■ **Task material**:

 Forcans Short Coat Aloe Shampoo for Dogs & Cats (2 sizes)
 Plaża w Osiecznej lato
* * *
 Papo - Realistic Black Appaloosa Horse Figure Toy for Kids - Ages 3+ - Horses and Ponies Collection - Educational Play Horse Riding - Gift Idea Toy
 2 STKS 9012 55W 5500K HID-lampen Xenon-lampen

■ **Problem description**:
Of the entries above, repeat exactly the lines from the line with "Forcans Short Coat" through the line with "Plaża w Osiecznej lato", both of them included.

■ **Result for this exercise**:
 Forcans Short Coat Aloe Shampoo for Dogs & Cats (2 sizes)
 Plaża w Osiecznej lato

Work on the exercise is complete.